Funding: This work was supported by National Health and Medical Research Council (NHMRC) grant (Grant number: 1048180). EB and BL are supported by NHMRC Fellowships.
Competing interests: PM sits on the Australian Government expert advisory committee for immunization. EB chairs the Australian Government Advisory Committee on the Safety of Vaccines. CRM had received funding and/or laboratory testing support for investigator driven research from CSL Biotherapies, Pfizer and Merck but not related to this research. She has participated in advisory boards for Pfizer, Merck and GSK. BL owns shares in CSL. AEH had received grant funding for investigator driven research from GSK unrelated to this research. All other authors report no potential conflicts. This does not alter the authors' adherence to PLOS ONE policies on sharing data and materials.
Herpes zoster (HZ), commonly known as “shingles”, is a viral disease that occurs as a result of reactivation of latent varicella zoster virus (VZV) established in the spinal dorsal root or cranial ganglia after primary infection . Acutely, it is usually characterised by unilateral, painful, vesicular, dermatomal eruptions along a single spinal or cranial sensory ganglia . In addition to acute manifestations, around 10–20% of patients in the unvaccinated population experience chronic pain, also known as post-herpetic neuralgia (PHN), that can seriously affect quality of life [3–5]. PHN is variably defined as pain persisting for 1 month , 6 weeks , 2 months , 3 months [3, 9] and 6 months after the HZ rash is healed . However, from the perspective of measuring healthcare resource utilisation, the first three months after the onset of HZ has been considered the acute/sub-acute phase and the chronic phase is defined as persistence of sensory symptoms more than 3 months after the onset of HZ vesicular eruptions [3, 9, 11–13].

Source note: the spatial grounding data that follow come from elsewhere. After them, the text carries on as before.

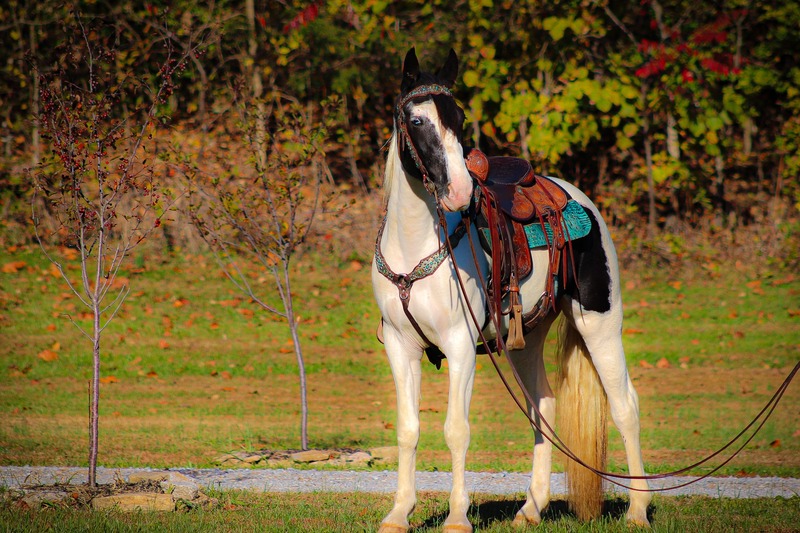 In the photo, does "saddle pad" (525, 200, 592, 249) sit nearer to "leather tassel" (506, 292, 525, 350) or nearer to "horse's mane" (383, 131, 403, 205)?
"leather tassel" (506, 292, 525, 350)

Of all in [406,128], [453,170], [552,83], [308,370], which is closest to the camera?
[453,170]

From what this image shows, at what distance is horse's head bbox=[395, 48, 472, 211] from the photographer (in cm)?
465

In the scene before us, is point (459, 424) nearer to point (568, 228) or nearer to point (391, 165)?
point (391, 165)

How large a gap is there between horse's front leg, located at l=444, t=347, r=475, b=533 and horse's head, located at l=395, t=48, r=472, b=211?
37.9 inches

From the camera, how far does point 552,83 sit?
1698 cm

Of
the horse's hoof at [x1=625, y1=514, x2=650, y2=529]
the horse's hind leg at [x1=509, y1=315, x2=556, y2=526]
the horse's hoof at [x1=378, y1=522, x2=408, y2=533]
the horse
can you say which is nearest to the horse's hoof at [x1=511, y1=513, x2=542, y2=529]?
the horse

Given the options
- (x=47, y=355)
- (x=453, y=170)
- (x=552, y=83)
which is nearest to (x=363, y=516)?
(x=453, y=170)

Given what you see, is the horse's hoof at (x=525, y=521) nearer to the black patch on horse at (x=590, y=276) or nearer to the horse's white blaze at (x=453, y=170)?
the black patch on horse at (x=590, y=276)

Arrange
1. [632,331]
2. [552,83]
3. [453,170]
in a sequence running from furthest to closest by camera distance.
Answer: [552,83] → [632,331] → [453,170]

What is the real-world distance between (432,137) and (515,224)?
1310 millimetres

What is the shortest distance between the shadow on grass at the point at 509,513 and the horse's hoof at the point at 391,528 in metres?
0.27

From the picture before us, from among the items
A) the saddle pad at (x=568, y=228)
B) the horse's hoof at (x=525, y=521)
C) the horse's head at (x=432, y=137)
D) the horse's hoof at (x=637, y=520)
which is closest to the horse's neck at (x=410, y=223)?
the horse's head at (x=432, y=137)

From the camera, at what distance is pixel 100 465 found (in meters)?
8.16

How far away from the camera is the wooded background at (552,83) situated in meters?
16.4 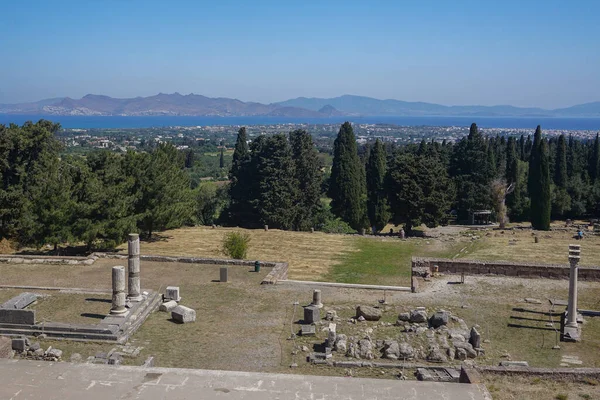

The incidence of HZ and PHN markedly increases with age, particularly after 50 years [14, 15]. In people aged over 50 years, annually approximately 60,000 new cases of HZ occur in Australia, an incidence of 10–12 per 1000 population [5, 16]. Both HZ and PHN can be prevented by immunisation. A live attenuated HZ vaccine is licensed for use in adults 50 years and older in Australia and Europe and in those aged 60 years and above in the US [17, 18]. In Australia, commencing in November 2016, this vaccine will be provided free of charge to people aged 70 years under the National Immunisation Program (NIP), with a time limited catch up program for people aged 71–79 years .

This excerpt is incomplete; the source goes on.